After Clay won this first match, Gentry was complaining about something or another, so Clay challenged Gentry to another match. Eleven head for Clay, ten for Bob—best time overall wins.

Annie recounted, “Gentry took him up it (the bet for another $1,000), after which I felt sure we’d have to sell everything we had just to hold onto Kelly (Clay’s horse). Without Kelly, Clay would be sunk.”

The next day, the Muskogee Times-Democrat reported, “It is very doubtful whether such a roping as was turned in by McGonagill yesterday has ever been equalled.” Clay roped eleven steers in 451.8 seconds to Gentry’s 458.8 on ten head. Everyone considered Clay McGonagill to be the World Champion Steer Roper.

The McGonagills lived on a ranch near Monument, New Mexico. Besides his roping income, Clay supplemented his earnings by hiring out as a cowboy.

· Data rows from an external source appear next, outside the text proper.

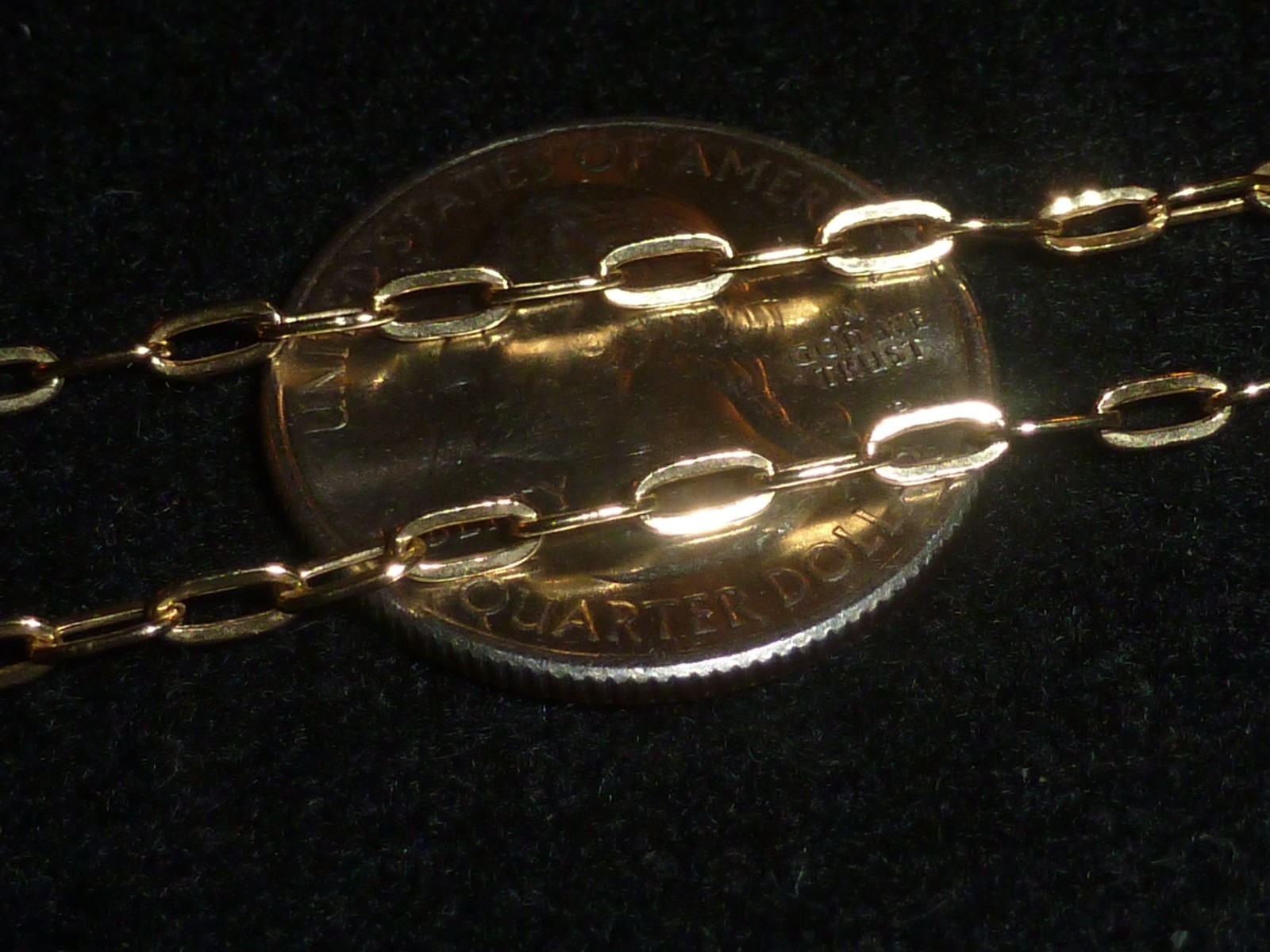 10K SOLID YELLOW GOLD RECTANGULAR LINK CABLE LINK… - image 5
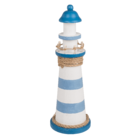 Phare en bois avec LED, env. 10 x 30 cm,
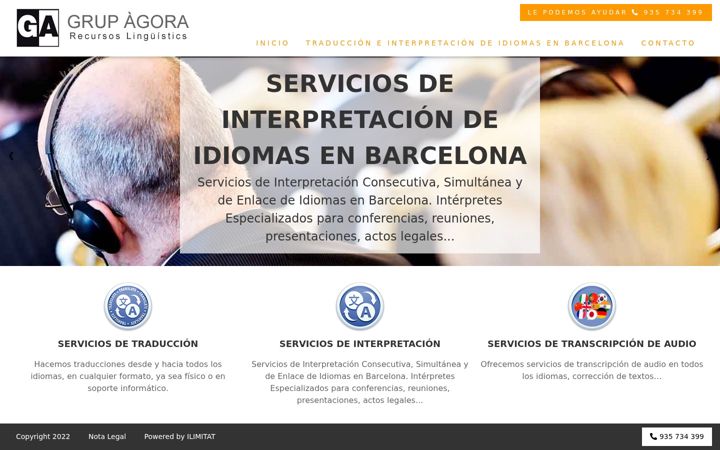 Screenshot of grupagora.com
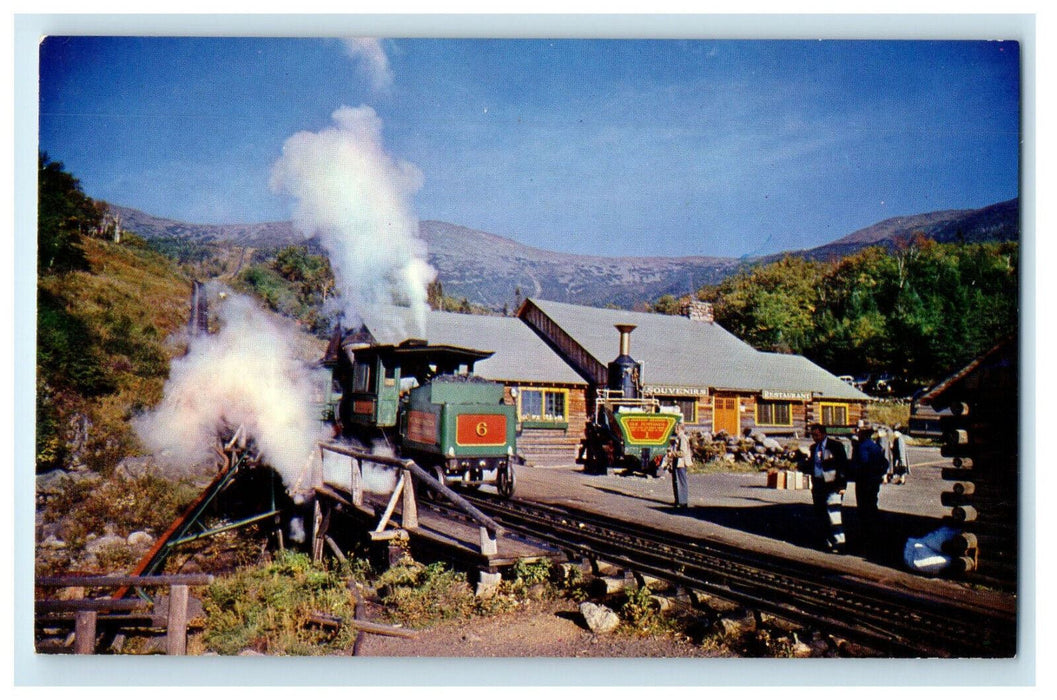 Mt. Washington Cog Railway Mt. Washington New Hampshire NH Postcard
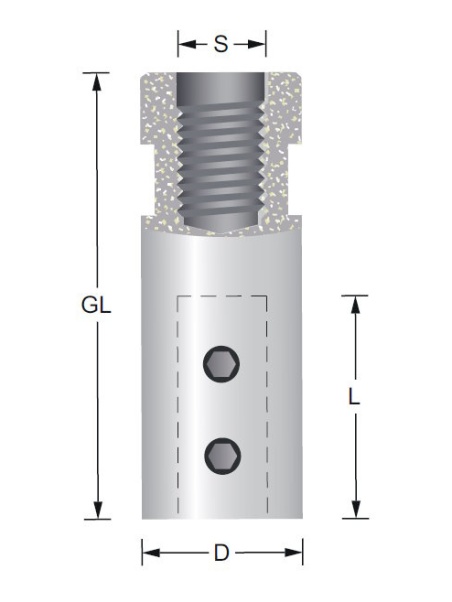 Titman Bohrer-Spannfutter 10mm Rechtslauf innergewinde M10x1,5 | JVL-Europe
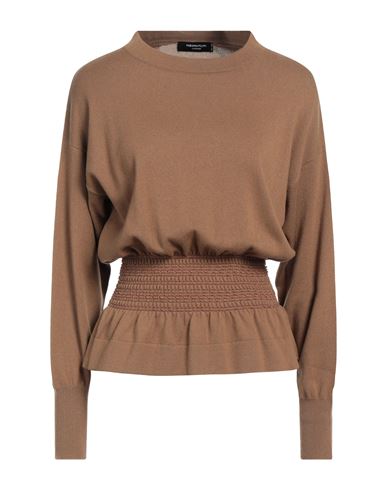 Fabiana Filippi Woman Sweater Camel Size 4 Cashmere In Beige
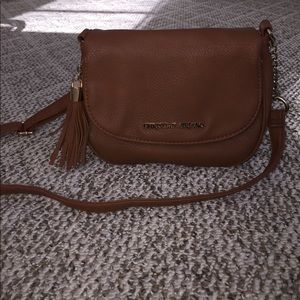 Cute cognac cross body with tassels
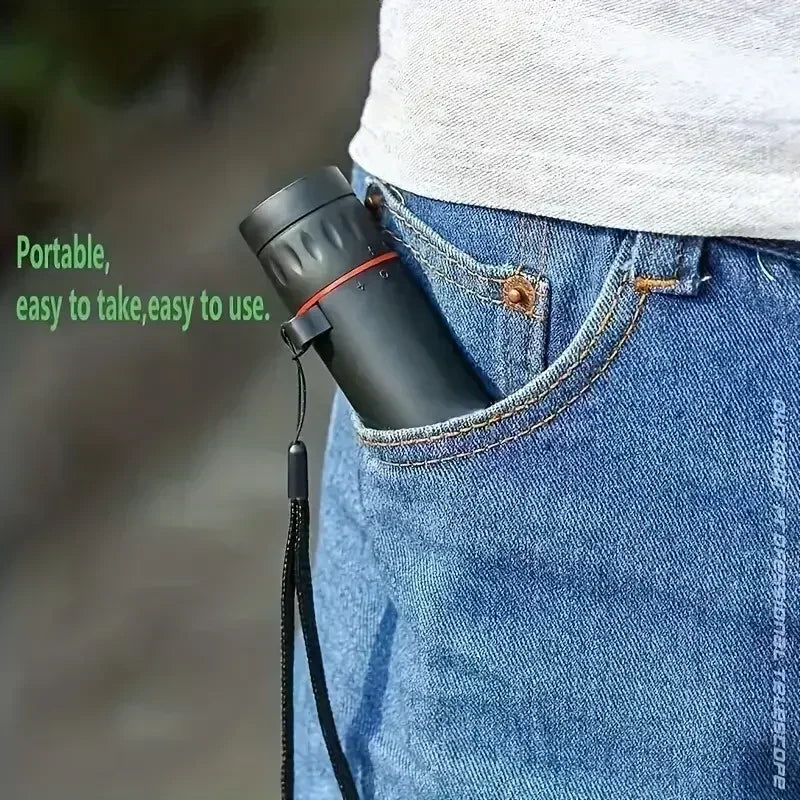 Mini 2000x25 HD Monocular Telescope with Phone Holder Monocular Telescope Zpaxo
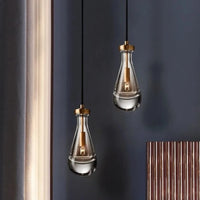 Suspensions en verre cristal avec gouttelettes d'eau | Marco Lucetti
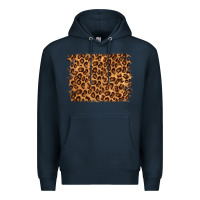 Navy leopard background Premium Hoodie - NancyCooperArtShop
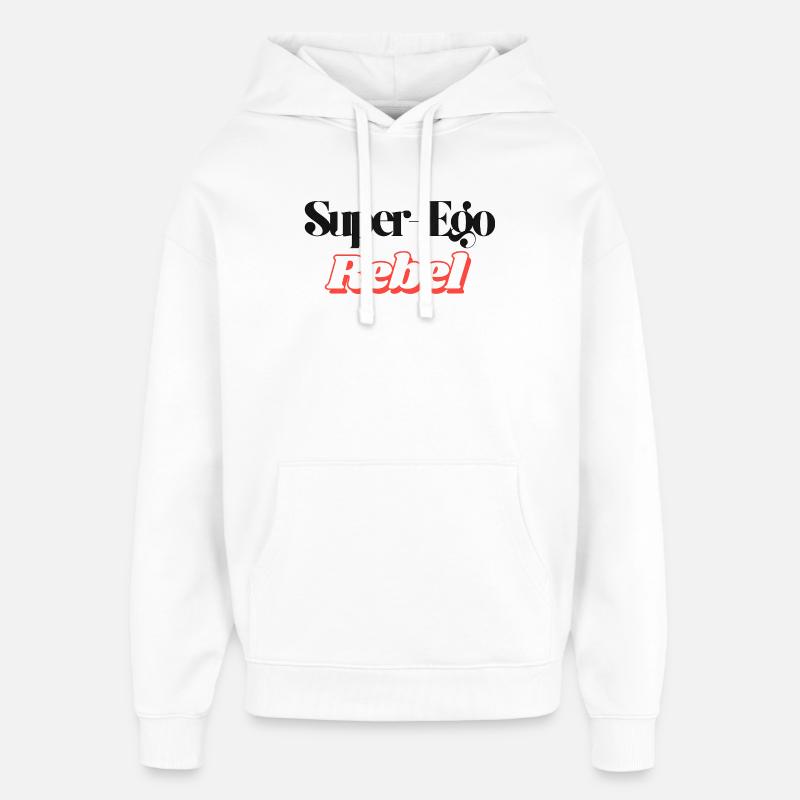 Super-Ego Rebelle - Sweat à capuche unisexe Stanley/Stella Oversized - blanc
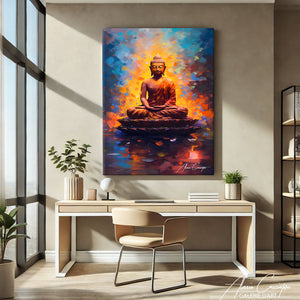 TABLEAU BOUDDHA ABSTRAIT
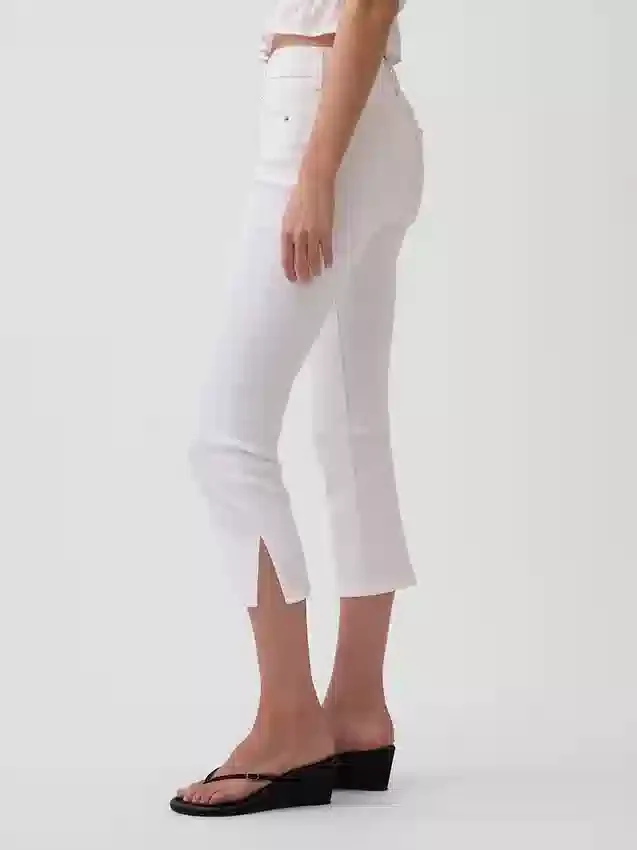 Dżinsy capri z niskim stanem
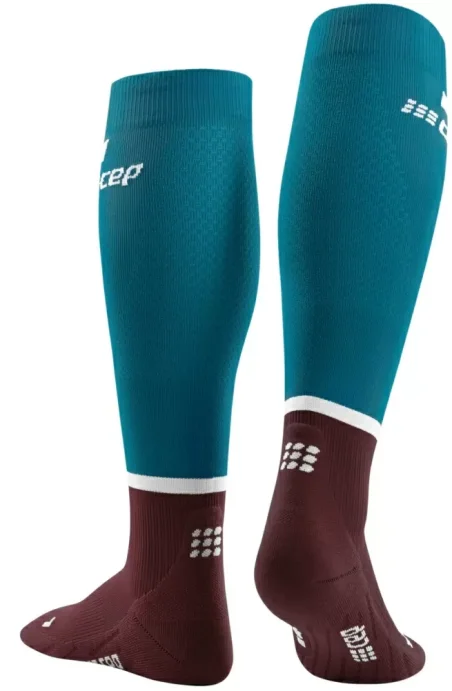 Компрессионные гольфы CEP женские C124W сине-зелёный/бордовый WP20-9-R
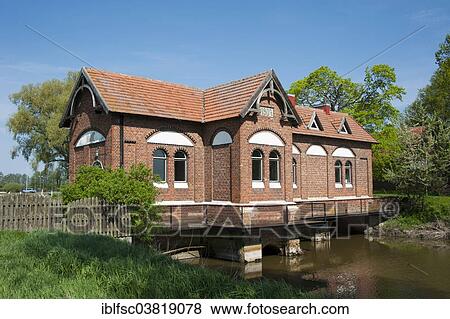 "Pumping station of 1907, Nemunas Delta Regional Park, Uostadvaris, Lithuania, Baltic States, Europe" View Large Photo Image Stock Photo - "Pumping station of 1907, Nemunas Delta Regional Park, Uostadvaris, Lithuania, Baltic States, Europe". Fotosearch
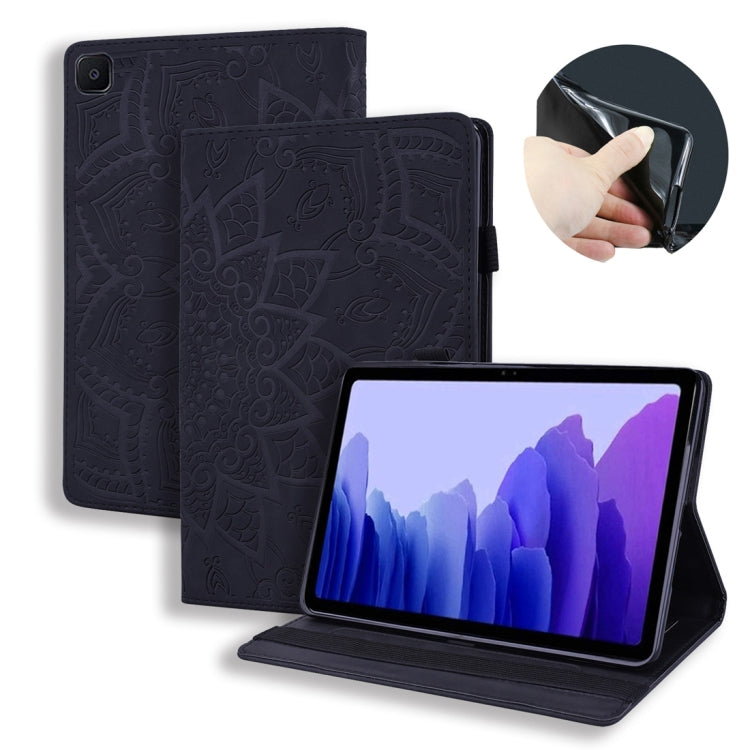 For Samsung Galaxy Tab A7 10.4 (2020) Calf Texture Embossed Horizontal Flip Leather Case with Holder & Card Slots & Photo Frame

The legendary Clay McGonagill was killed on October 24, 1921, while hauling hay on the Pima Indian Reservation, near Sacaton, Arizona. He had stopped the wagon he was driving to clear the road of a downed power line. As it turns out, the power line was still live and carried about 11,000 volts. Clay was killed instantly. He was posthumously inducted into the National Cowboy and Western Heritage Museum Rodeo Hall of Fame in 1975.